** RAW DATA follows **

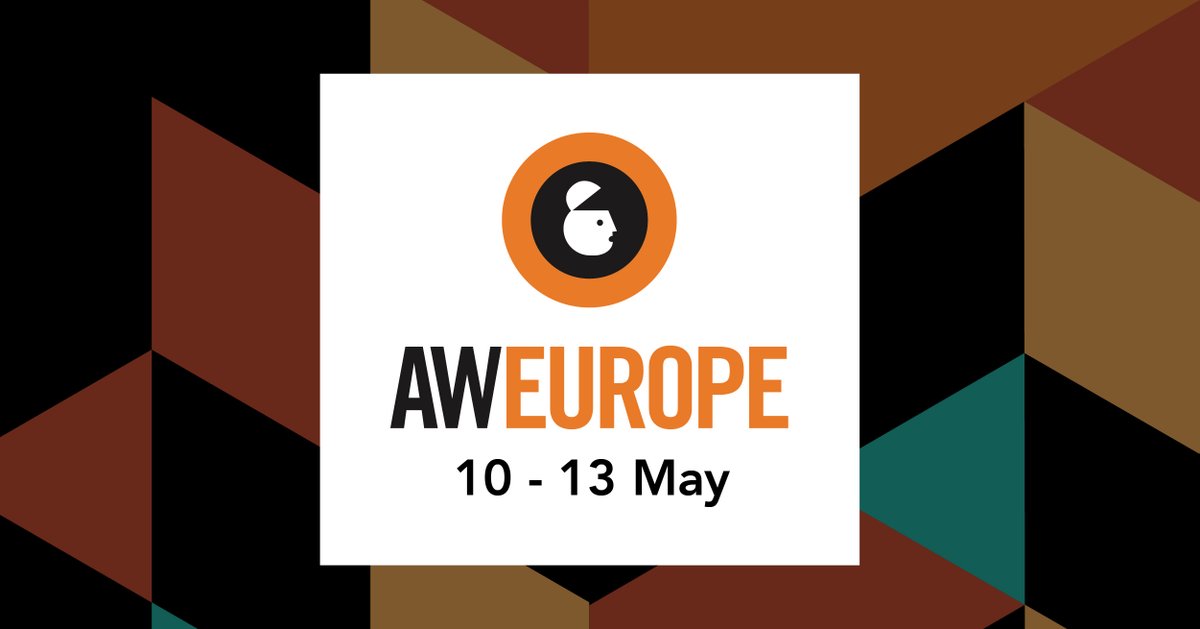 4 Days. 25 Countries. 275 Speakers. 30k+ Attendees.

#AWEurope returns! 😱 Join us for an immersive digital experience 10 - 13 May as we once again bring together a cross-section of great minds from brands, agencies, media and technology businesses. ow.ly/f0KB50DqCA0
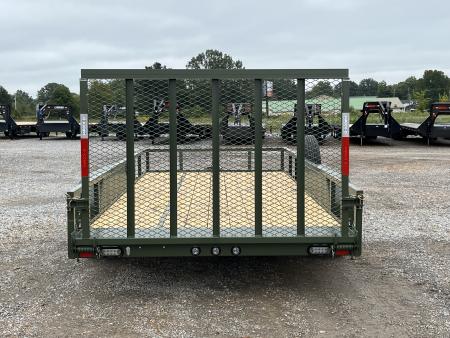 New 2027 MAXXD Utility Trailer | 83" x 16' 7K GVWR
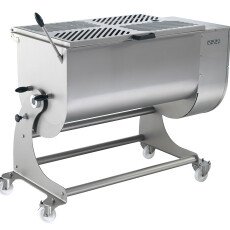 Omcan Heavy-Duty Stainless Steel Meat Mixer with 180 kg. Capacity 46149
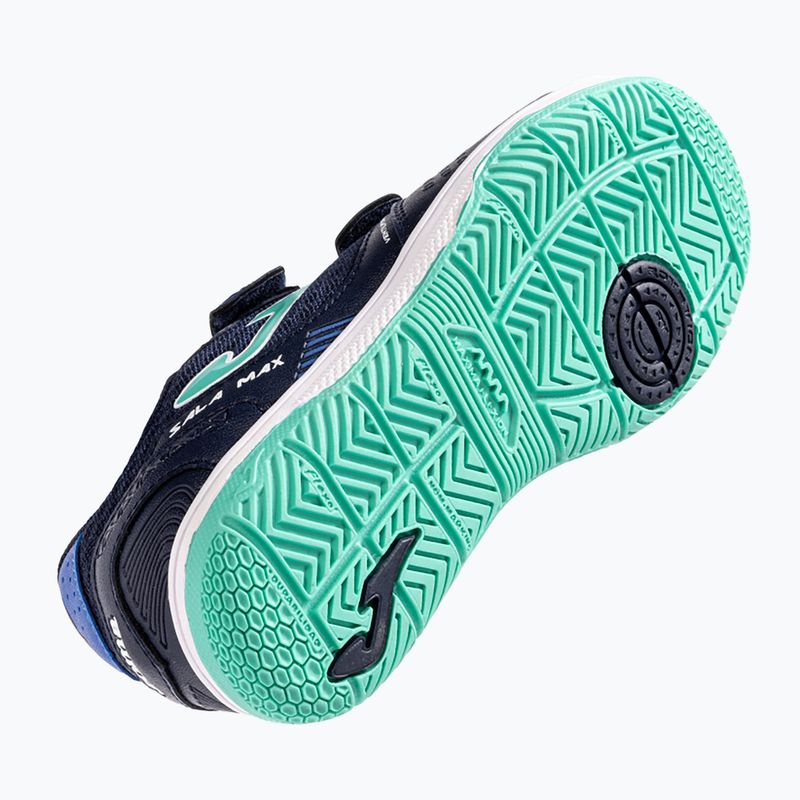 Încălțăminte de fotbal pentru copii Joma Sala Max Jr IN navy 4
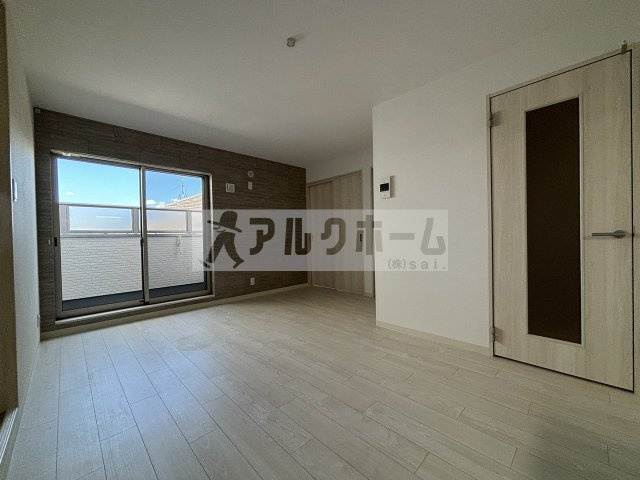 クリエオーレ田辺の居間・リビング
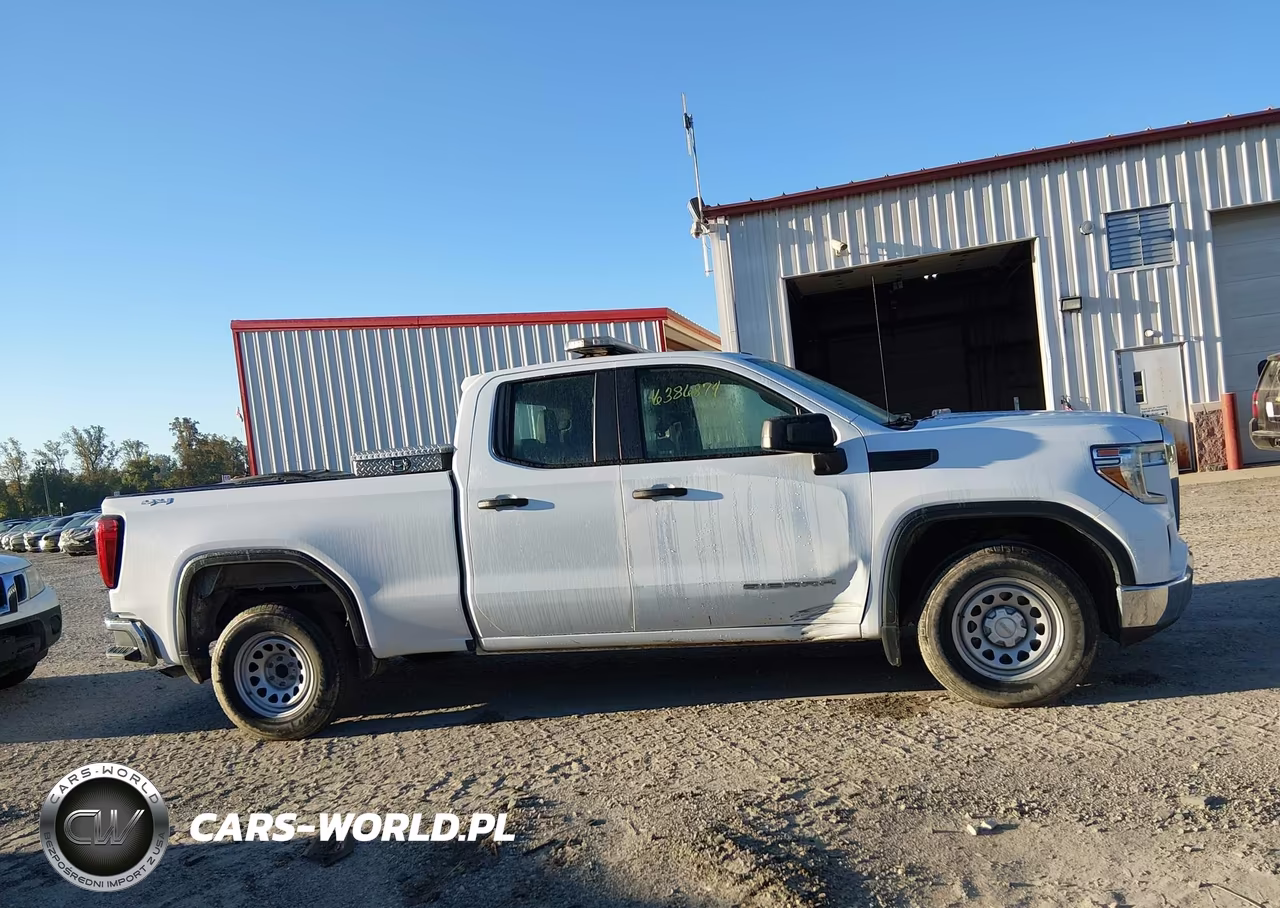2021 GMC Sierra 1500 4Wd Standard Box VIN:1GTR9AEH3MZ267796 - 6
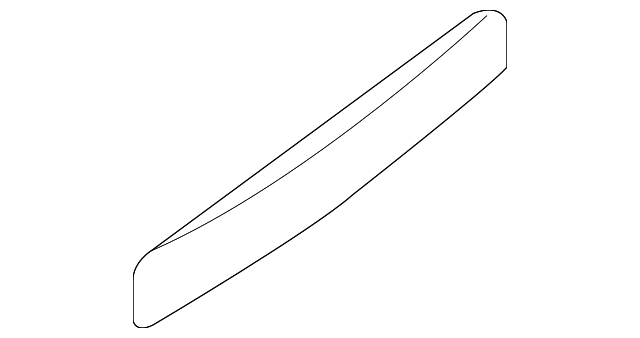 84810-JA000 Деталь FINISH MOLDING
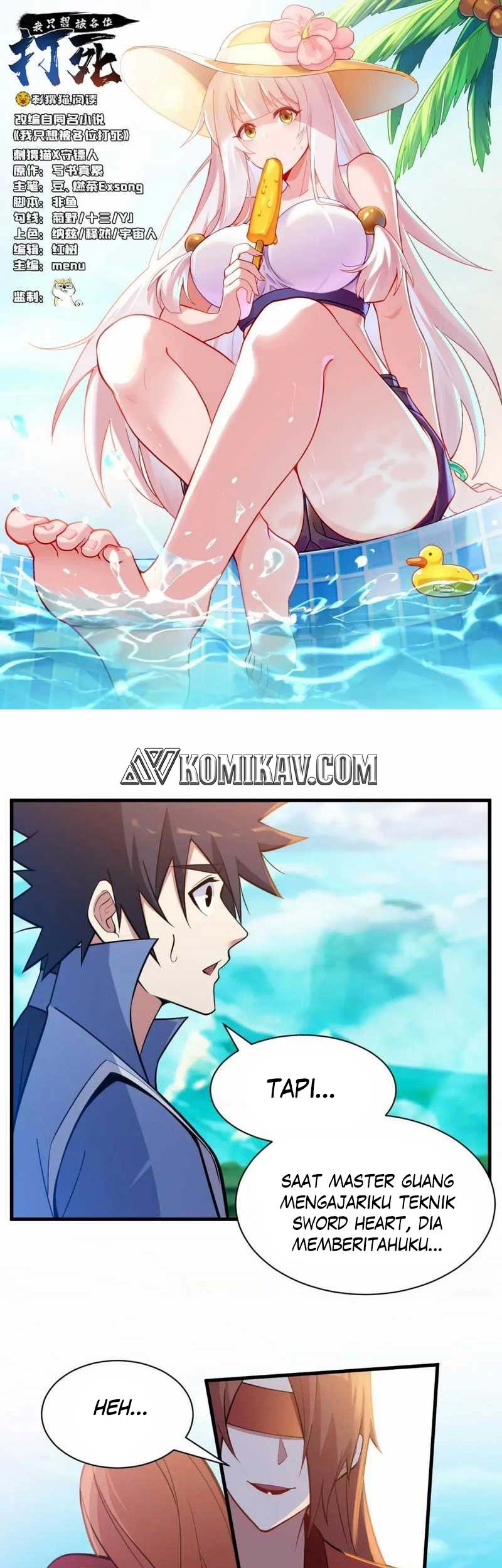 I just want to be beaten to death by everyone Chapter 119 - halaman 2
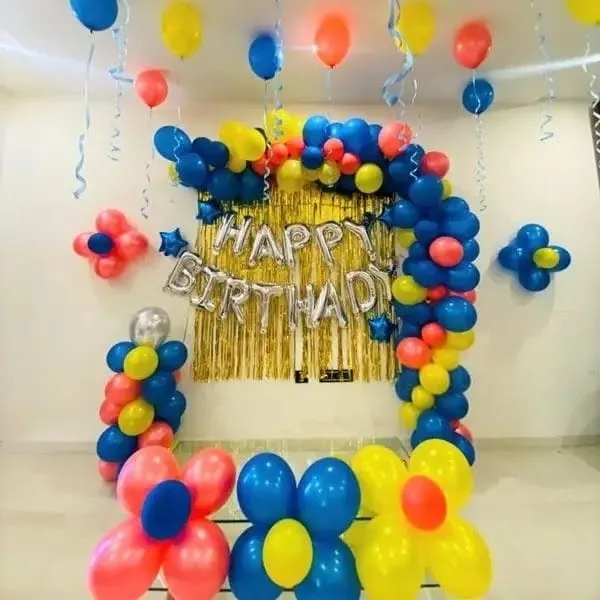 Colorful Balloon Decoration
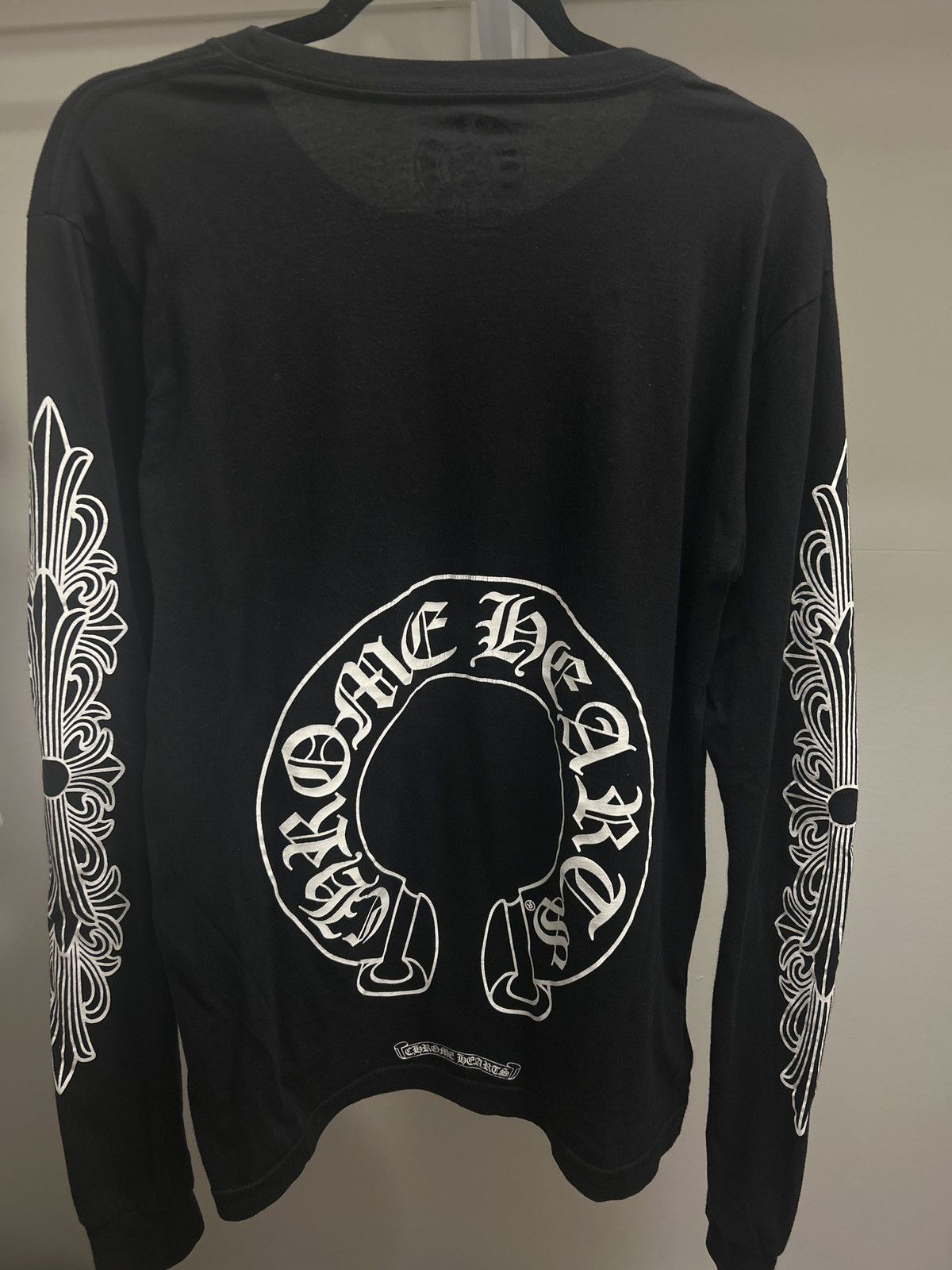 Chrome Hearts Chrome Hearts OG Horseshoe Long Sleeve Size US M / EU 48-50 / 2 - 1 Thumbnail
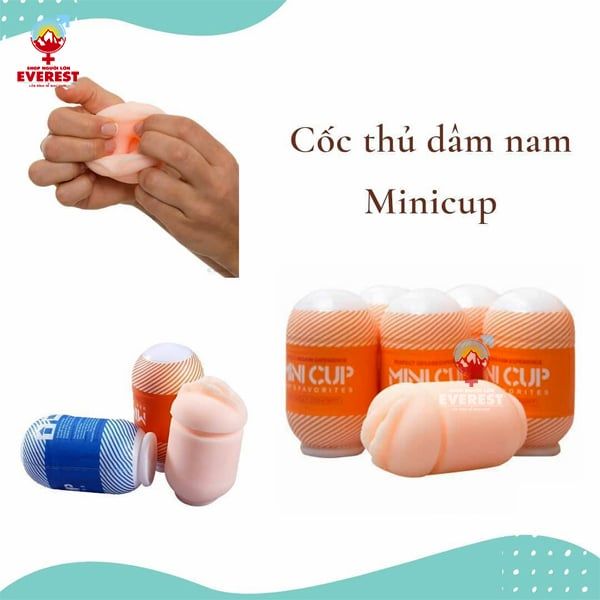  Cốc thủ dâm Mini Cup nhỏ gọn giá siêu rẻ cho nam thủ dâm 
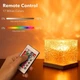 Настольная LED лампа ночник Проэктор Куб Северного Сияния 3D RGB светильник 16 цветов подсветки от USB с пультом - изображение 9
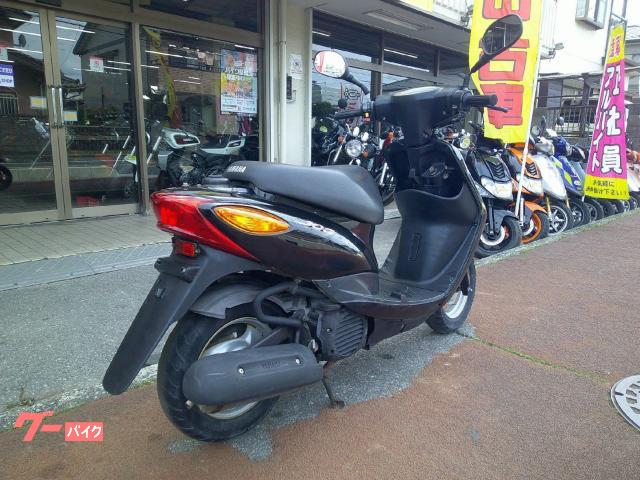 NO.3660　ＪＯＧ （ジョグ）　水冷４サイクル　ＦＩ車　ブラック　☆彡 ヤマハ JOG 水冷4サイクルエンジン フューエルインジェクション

** End of RAW DATA **

EXERCISE REQUIREMENTS >> Leaving the pictures out, give again word for word each line from the one holding "Chrome Hearts Chrome" through the end of the records.

TASK RESULT >>
 Chrome Hearts Chrome Hearts OG Horseshoe Long Sleeve Size US M / EU 48-50 / 2 - 1 Thumbnail
  Cốc thủ dâm Mini Cup nhỏ gọn giá siêu rẻ cho nam thủ dâm 
 Настольная LED лампа ночник Проэктор Куб Северного Сияния 3D RGB светильник 16 цветов подсветки от USB с пультом - изображение 9
 NO.3660　ＪＯＧ （ジョグ）　水冷４サイクル　ＦＩ車　ブラック　☆彡 ヤマハ JOG 水冷4サイクルエンジン フューエルインジェクション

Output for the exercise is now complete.